Nobody's Child, Everybody's Children:
Looking Back, Looking Forward: A View from the Trenches
In 1990, a small group of women came together in Toronto to start an infertility self-help support group. Most were looking for information to cope with their own sense of devastating loss; some already had children through assisted reproductive technologies and wanted to help others feel less alone and better informed than they had been. This was in the days before the internet and there were few resources available even in such a large metropolitan area.
Since that first meeting, the Infertility Network (IN) has become a registered charity; held more than 70 educational seminars; sponsored several international conferences; run a support group once a month for 15 years; developed an extensive network of contacts with other organizations, professionals, agencies, etc., both in Canada and abroad; taken part in numerous consultations held by Health Canada with various stakeholder groups; made presentations to parliamentary committees reviewing legislative proposals; and provided support and referral to more than 50,000 Canadians by means of information kits, taped seminars, books, newsletters, telephone and email.

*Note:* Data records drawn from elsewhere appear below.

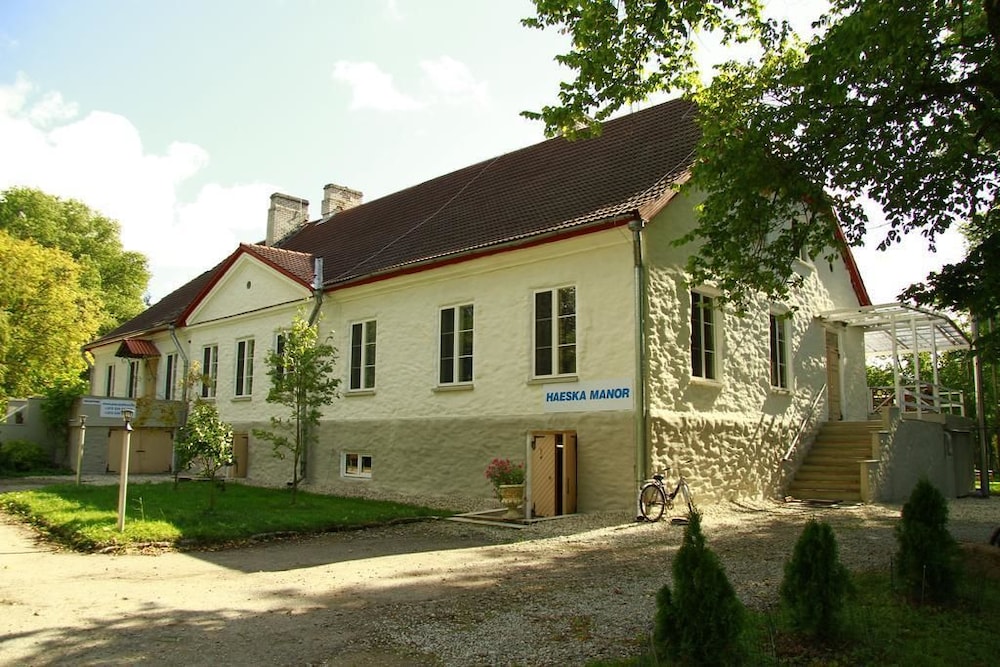 Haeska Manor in Haapsalu, Estonia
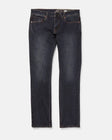Volcom Mens Denim Vorta Slim Fit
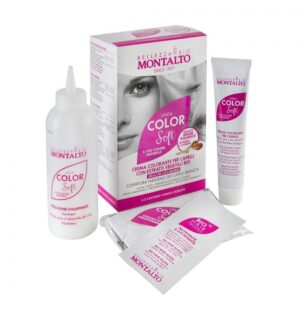 Kit Colorante per Capelli - Linea Color Soft Castagna 5.9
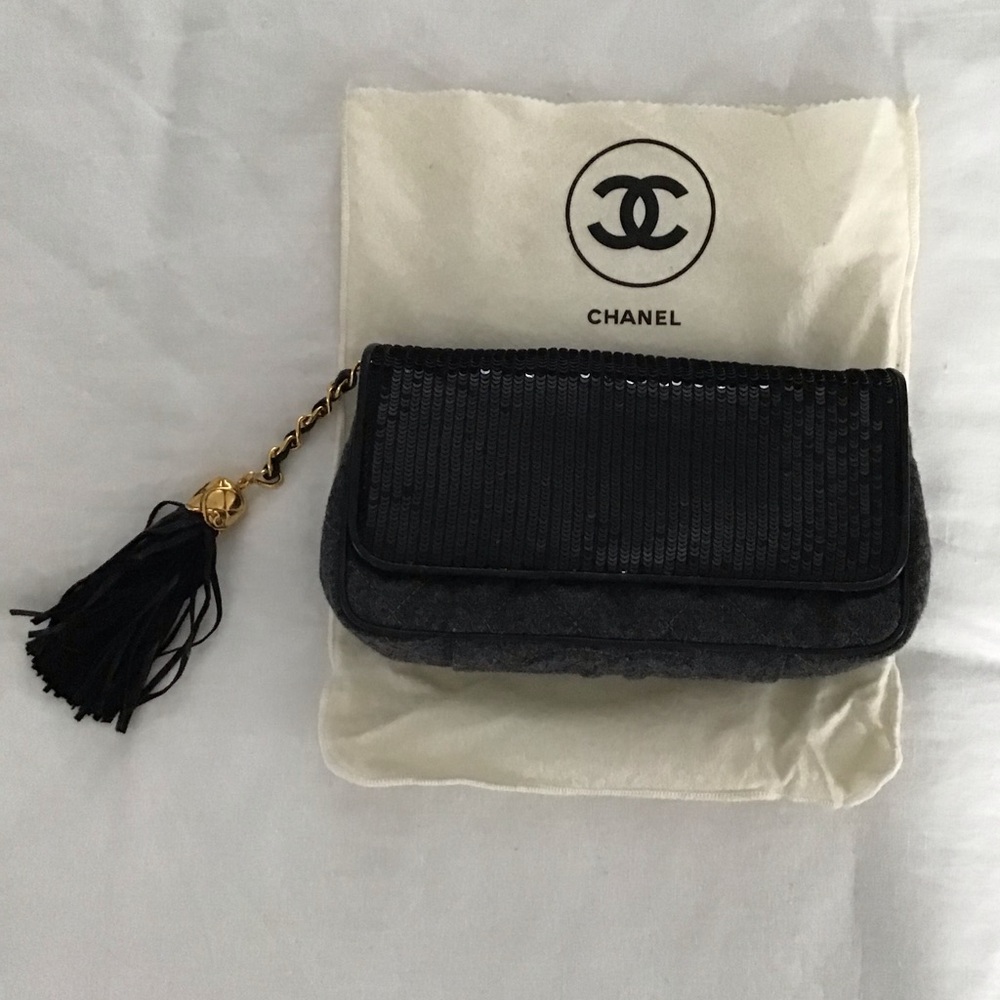 Vintage! CHANEL evening bag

This presentation will explore some of the challenges the Infertility Network has encountered, as well as what it has learned along the way – about infertility; the dilemmas faced by the people IN tries to help; the lack of long term research into the effects of fertility treatments and medications; the lifelong consequences for all parties when donor gametes are used to build families; the shift towards patients being seen as ‘consumers’ and access to treatment as a ‘reproductive right’; the conflicting views about legislation and regulation; the impact of the Canadian Assisted Human Reproduction Act; the need for governments to fund more treatment under medicare while also undertaking serious initiatives to reduce the incidence of infertility; the potential impact of new technologies looming on the horizon; and the unseen motives and agendas operating behind the scenes in this multi-million dollar, largely private for-profit field of medicine.